On the Iran deal, in April Trump was quite clear that “under a Trump administration, [Iran] will never, ever be allowed to have that nuclear weapon.” Another contradiction, which others have observed: At this point, Europeans are almost certainly not willing to re-impose sanctions, leaving military action as a near-necessity for preventing Iran from getting nuclear weapons. This would not be a few pinpoint strikes but a major operation, certain to require special operations troops (at the least) on the ground. Does this not risk becoming the kind of unpredictable Middle East “adventure” for which Trump has criticized the Obama and Bush administrations?

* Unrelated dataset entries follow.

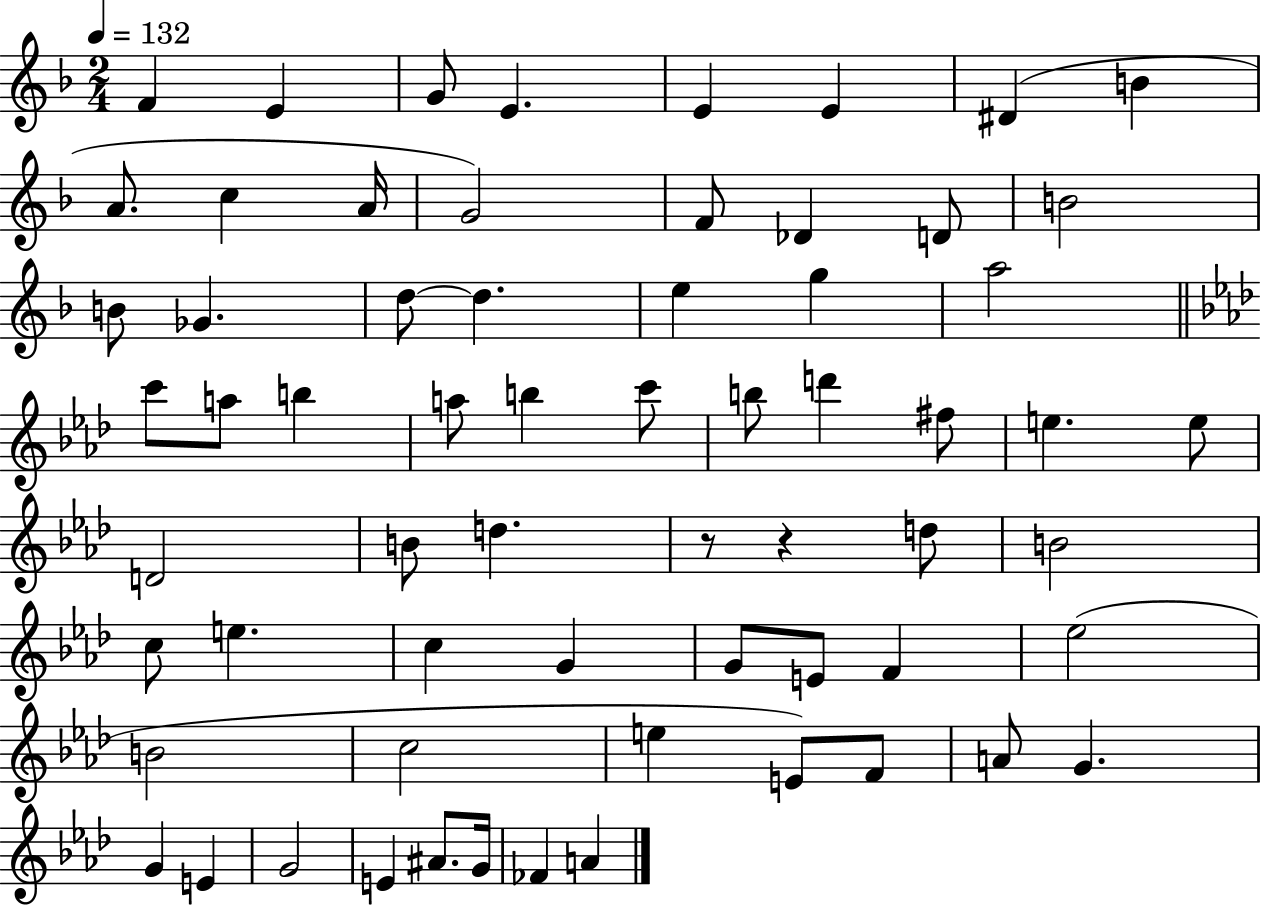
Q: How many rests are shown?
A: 2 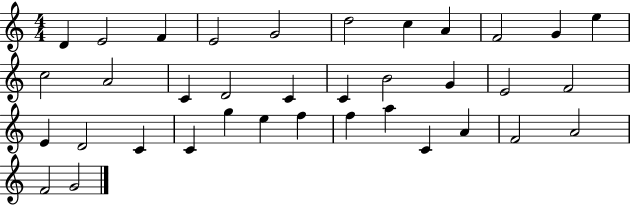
{
  \clef treble
  \numericTimeSignature
  \time 4/4
  \key c \major
  d'4 e'2 f'4 | e'2 g'2 | d''2 c''4 a'4 | f'2 g'4 e''4 | \break c''2 a'2 | c'4 d'2 c'4 | c'4 b'2 g'4 | e'2 f'2 | \break e'4 d'2 c'4 | c'4 g''4 e''4 f''4 | f''4 a''4 c'4 a'4 | f'2 a'2 | \break f'2 g'2 | \bar "|."
} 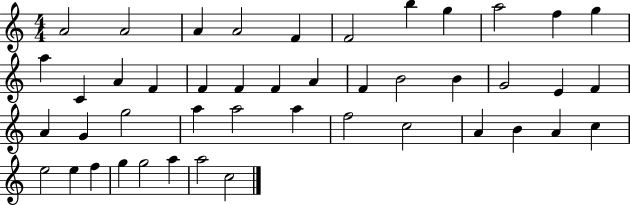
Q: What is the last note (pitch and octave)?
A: C5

Of the Pacific, Trump said in April that he wants to “live peacefully and in friendship” with China—but wants to ensure that we don’t repeat the mistakes of the past, when we “put more effort into adding China into the World Trade Organization … than we did in stopping Al Qaeda.” So we will be adversarial with China on trade—just as we will be with our allies: TPP is now deader than dead. Writing in Foreign Policy, two Trump advisers assert that the president-elect’s true goal in the Pacific is stability—a goal that Trump has elsewhere identified as an overarching global aim for his presidency. How stability will be achieved by taking actions that are likely to fundamentally alter a critical region’s order is not clear, at least to me, and highlights a contradiction that was obvious in Trump’s April speech: that Obama was wrong to pick “fights with our oldest friends,” but also that we are not “bound to be adversaries” with dangerous players like Putin and Xi—despite the fact that our oldest friends desperately depend on our support to survive in neighborhoods dominated by the countries those men lead.
Such moral imperatives are about to be a lot less important in American foreign policy. The United States, for Trump, is not an exceptional nation endowed with a mission to lead a liberal world order, but a powerful nation with its own interests. When these interests overlap with those of other countries, it can cut deals. When our interests are opposed to those of other countries, it is important for those countries to appreciate our strength and show us respect.
Such transactionalism and emphasis on respect are, in a sense, foreign policy principles in their own right—and seem to have the status of life principles for the incoming president. Nations that seek good relations with Trump’s America no doubt have already understood the importance of a good relationship with Trump himself. The personal is now geopolitical.
Supporters of the Obama administration would, from time to time, confide that their man was actually a realist. They were wrong about this for a number of reasons: and they should get ready for a man who looks a lot more like the real thing.